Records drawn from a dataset
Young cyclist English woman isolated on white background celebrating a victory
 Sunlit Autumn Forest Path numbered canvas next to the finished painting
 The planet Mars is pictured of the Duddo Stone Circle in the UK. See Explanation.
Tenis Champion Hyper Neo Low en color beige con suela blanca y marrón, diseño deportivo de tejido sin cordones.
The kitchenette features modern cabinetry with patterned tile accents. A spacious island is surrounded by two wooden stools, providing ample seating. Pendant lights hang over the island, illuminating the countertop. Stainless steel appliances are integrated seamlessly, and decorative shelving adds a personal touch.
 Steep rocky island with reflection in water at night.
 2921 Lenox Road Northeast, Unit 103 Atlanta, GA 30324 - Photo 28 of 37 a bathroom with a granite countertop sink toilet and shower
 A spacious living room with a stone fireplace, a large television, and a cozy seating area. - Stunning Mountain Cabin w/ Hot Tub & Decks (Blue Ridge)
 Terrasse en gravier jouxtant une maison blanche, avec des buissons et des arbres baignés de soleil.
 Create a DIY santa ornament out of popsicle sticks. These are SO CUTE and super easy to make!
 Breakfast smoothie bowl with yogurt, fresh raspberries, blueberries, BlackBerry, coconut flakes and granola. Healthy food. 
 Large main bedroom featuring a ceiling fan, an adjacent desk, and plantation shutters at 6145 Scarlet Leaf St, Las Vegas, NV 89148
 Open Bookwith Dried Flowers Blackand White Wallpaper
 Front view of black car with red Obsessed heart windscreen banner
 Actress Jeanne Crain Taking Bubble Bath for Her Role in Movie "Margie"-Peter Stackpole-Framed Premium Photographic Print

TASK DETAILS: Among the lines above, please find those with "seating" and copy them.

WRITTEN RESPONSE:
The kitchenette features modern cabinetry with patterned tile accents. A spacious island is surrounded by two wooden stools, providing ample seating. Pendant lights hang over the island, illuminating the countertop. Stainless steel appliances are integrated seamlessly, and decorative shelving adds a personal touch.
 A spacious living room with a stone fireplace, a large television, and a cozy seating area. - Stunning Mountain Cabin w/ Hot Tub & Decks (Blue Ridge)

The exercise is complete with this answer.